Stir together flour, semolina, 1 t salt. 
Gradually stir in 3 T oil. Combine 3/4 c water, 
1/2 c sourdough. Stir this into the flour mixture 
and knead to a smooth dough (which should only 
take a few minutes). If you do not have 
sourdough, omit it; since the recipes does not 
give the dough much time to rise, the sourdough 
probably does not have a large effect on the 
consistency of the dough.

Divide the dough in four equal parts. Take two 
parts, turn them out on a floured board, squeeze 
and stretch each (or use a rolling pin) until it 
is at least 12" by 5". Put half the filling on 
one, put the other on top, squeeze the edges 
together to seal. Repeat with the other two parts 
of the dough and the rest of the filling. Bake on 
a cookie sheet at 350° for 40 minutes.

For the fish version, start with 1 1/4 lb of fish 
(we used salmon).
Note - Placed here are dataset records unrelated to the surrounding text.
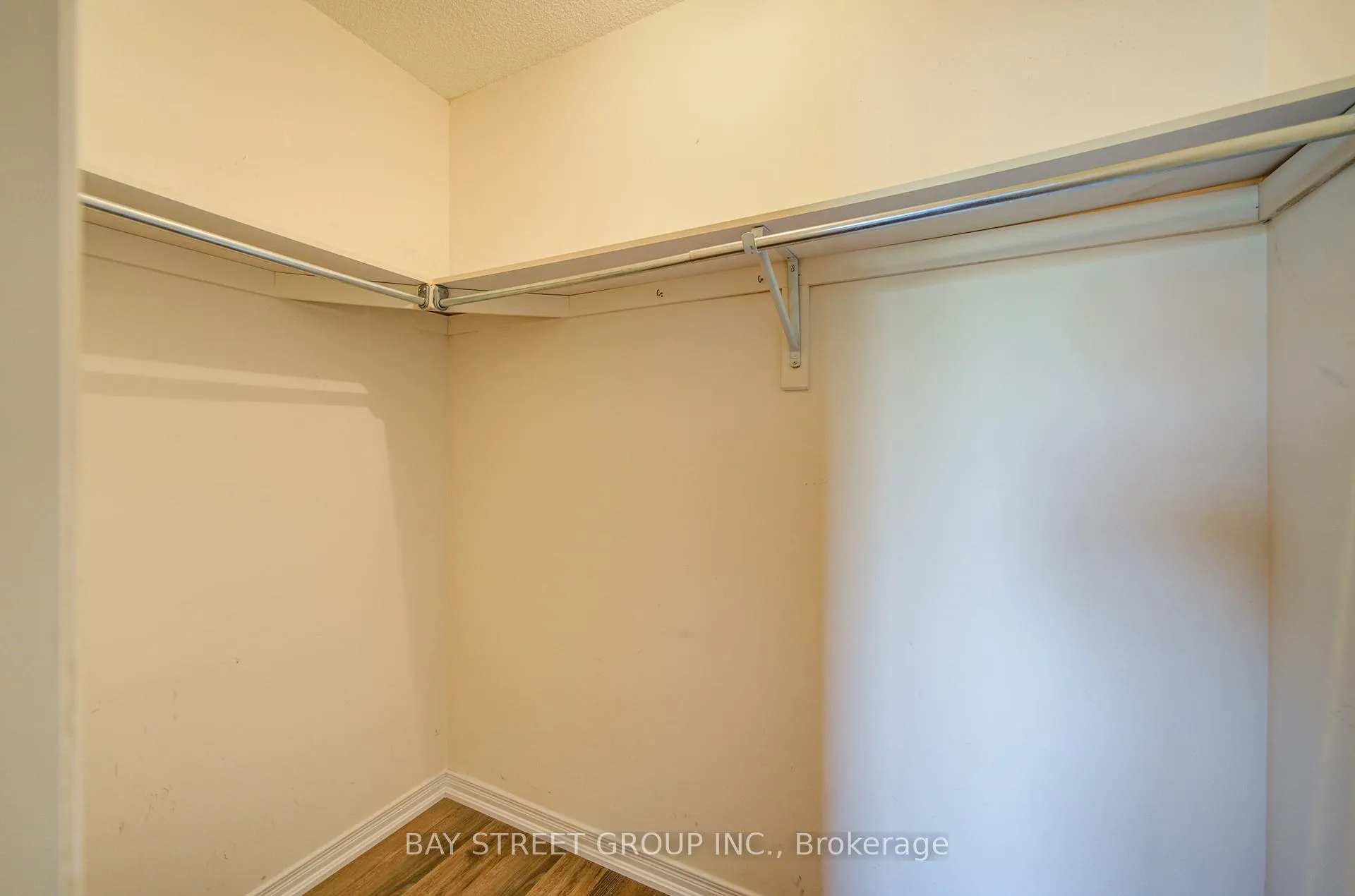 Photo 39 of 1833 Hobson Drive, Burlington, Uptown — HOMEH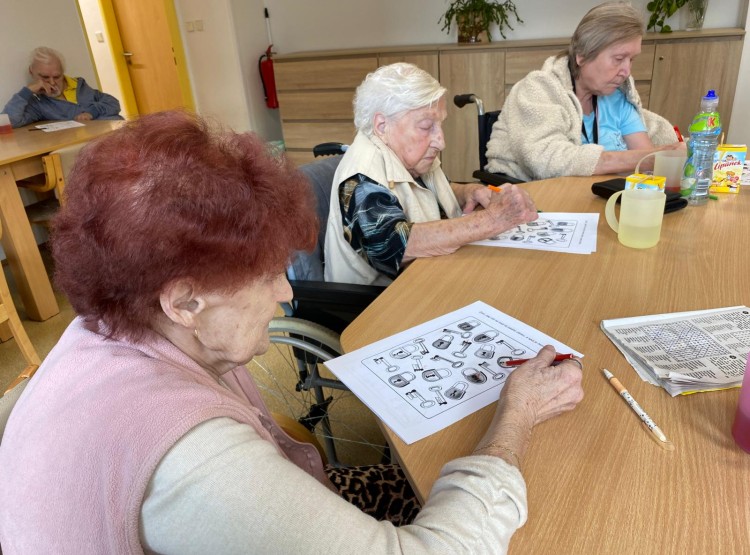 Procvičování kognitivních funkcí v Centru sociálních služeb Domus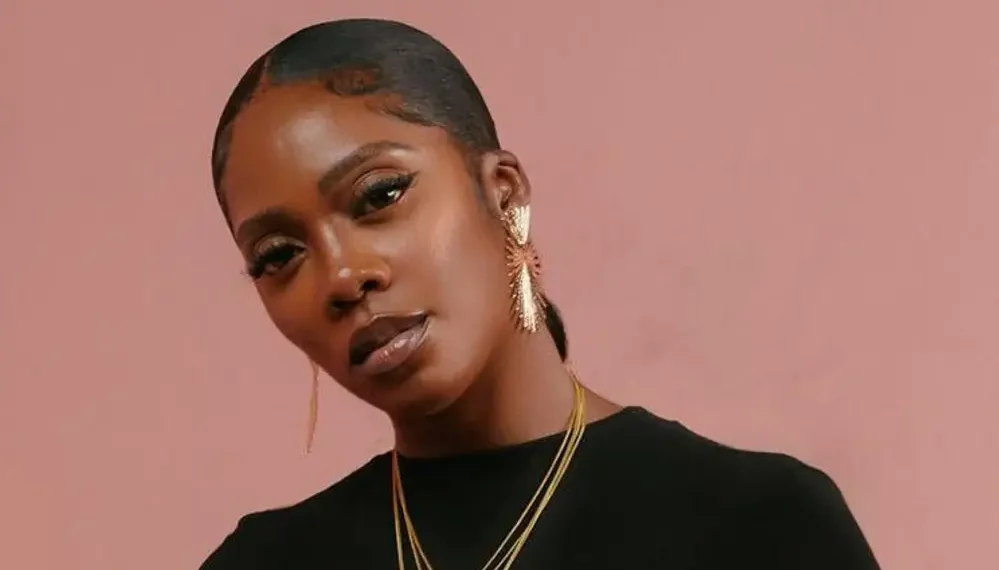 Nigerians react as Tiwa Savage claims she rejected Range Rover gift from man
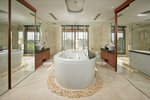 5 bedrooms Villa in Phuket, Thailand No. 366 - Image 11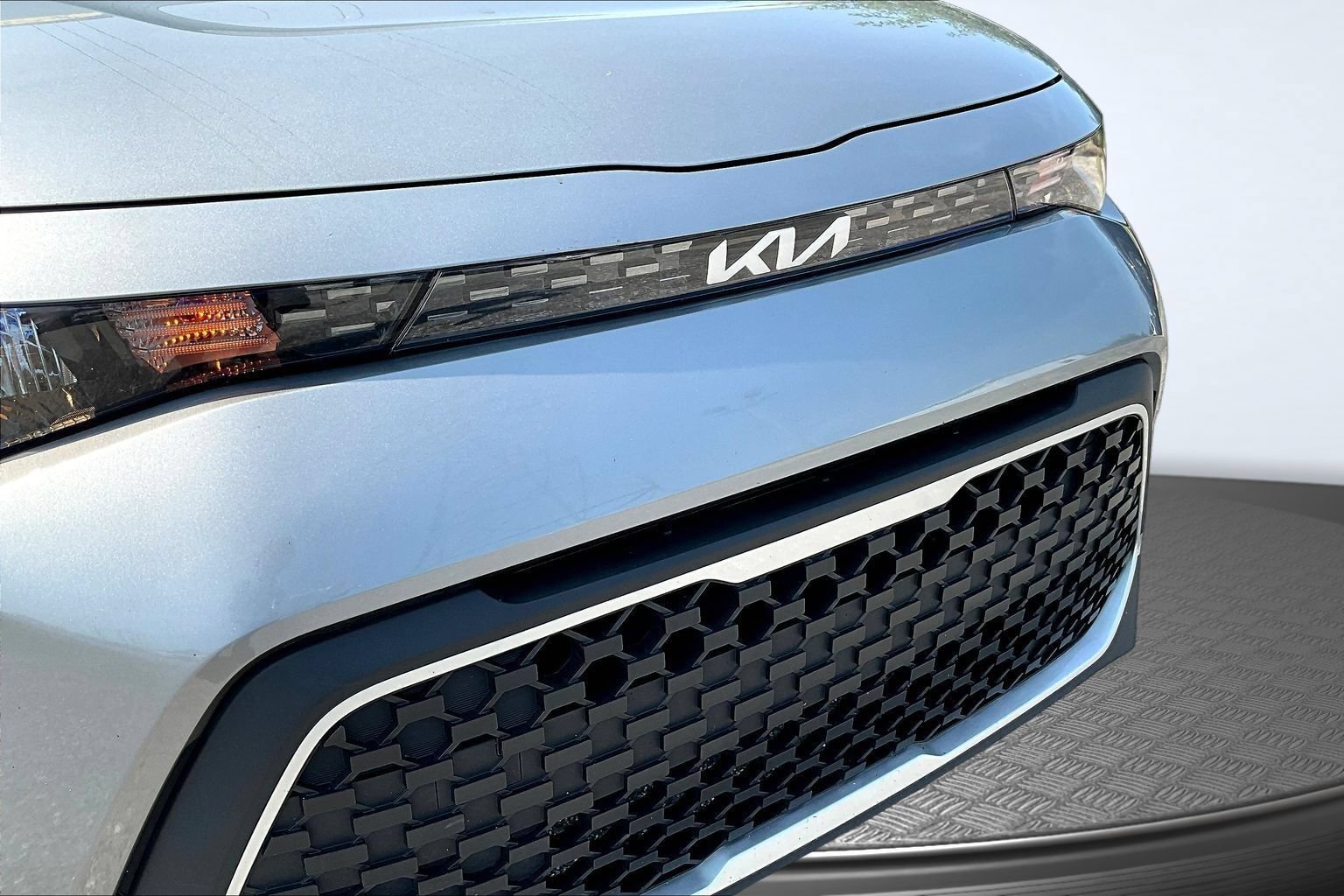 Used 2024 Kia Soul LX w/ Option Group 015 FWD image 29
If it is boneless, proceed as 
above, shortening the cooking time to about 35 
minutes; it is not necessary to cut up the fish 
fine, since it will crumble easily once it is 
cooked. If your fish has bones, put it on top of 
the oil, onions, spices etc., in the largest 
pieces that will fit in the pot, cover the pot, 
and cook for about 10-15 minutes, until the fish 
is almost ready to fall apart; in effect, it is 
being steamed by the liquid produced from the 
onions and by its own liquid. Take out the fish, 
bone it, return to the pot, and cook uncovered 
about 30 minutes until the liquid is mostly gone. 
Continue as above.


Gingerbrede is also good, easy to make, keeps.

Gingerbrede
Curye on Inglysch p. 154 (Goud Kokery no. 18) (GOOD)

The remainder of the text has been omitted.